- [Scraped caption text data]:
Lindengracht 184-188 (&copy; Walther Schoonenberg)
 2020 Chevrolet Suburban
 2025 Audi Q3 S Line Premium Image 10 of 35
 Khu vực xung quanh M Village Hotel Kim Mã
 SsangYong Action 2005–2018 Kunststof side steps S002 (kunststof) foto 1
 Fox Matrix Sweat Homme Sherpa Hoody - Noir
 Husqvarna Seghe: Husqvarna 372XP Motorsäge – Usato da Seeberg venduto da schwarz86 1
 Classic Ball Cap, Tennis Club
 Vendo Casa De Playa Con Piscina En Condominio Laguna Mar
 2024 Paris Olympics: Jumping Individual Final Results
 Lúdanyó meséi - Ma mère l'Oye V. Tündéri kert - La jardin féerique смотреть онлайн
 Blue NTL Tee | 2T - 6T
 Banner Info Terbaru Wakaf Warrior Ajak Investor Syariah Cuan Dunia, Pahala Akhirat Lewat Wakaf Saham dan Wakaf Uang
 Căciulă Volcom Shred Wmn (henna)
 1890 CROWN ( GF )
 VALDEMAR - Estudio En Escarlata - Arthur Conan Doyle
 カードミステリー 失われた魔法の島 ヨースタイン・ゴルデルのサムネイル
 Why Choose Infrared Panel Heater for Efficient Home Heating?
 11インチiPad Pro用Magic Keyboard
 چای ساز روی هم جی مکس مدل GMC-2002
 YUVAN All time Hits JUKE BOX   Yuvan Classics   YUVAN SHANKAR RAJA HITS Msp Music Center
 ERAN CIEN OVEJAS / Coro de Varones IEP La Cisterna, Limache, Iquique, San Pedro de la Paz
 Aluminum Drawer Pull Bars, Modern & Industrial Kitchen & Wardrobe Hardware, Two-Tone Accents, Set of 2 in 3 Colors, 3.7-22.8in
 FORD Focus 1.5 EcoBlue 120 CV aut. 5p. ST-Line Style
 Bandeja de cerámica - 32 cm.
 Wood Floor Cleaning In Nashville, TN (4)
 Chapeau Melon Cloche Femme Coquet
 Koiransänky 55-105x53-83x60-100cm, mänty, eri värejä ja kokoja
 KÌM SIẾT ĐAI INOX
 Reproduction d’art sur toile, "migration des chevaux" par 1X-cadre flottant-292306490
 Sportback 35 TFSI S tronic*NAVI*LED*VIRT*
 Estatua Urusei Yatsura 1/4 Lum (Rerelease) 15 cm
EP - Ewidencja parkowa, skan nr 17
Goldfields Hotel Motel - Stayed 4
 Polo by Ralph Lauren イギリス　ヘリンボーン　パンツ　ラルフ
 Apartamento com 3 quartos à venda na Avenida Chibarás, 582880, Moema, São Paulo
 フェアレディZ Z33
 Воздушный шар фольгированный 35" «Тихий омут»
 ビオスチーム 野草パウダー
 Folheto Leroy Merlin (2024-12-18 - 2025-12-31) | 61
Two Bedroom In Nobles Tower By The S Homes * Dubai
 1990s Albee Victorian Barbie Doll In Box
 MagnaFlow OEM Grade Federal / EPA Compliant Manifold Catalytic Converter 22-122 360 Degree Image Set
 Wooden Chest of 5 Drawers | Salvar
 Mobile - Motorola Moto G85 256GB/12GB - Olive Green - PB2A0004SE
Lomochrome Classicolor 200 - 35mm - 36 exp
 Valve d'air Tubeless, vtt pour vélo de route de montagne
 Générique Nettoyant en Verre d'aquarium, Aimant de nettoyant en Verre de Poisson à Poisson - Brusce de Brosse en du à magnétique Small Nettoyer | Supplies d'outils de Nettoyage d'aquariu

- [WORK ORDER]:
Could you retype exactly the lines above, starting at the line that contains "YUVAN All time" and ending at the line that contains "ERAN CIEN OVEJAS", and nothing more?

- [WORKED SOLUTION]:
 YUVAN All time Hits JUKE BOX   Yuvan Classics   YUVAN SHANKAR RAJA HITS Msp Music Center
 ERAN CIEN OVEJAS / Coro de Varones IEP La Cisterna, Limache, Iquique, San Pedro de la Paz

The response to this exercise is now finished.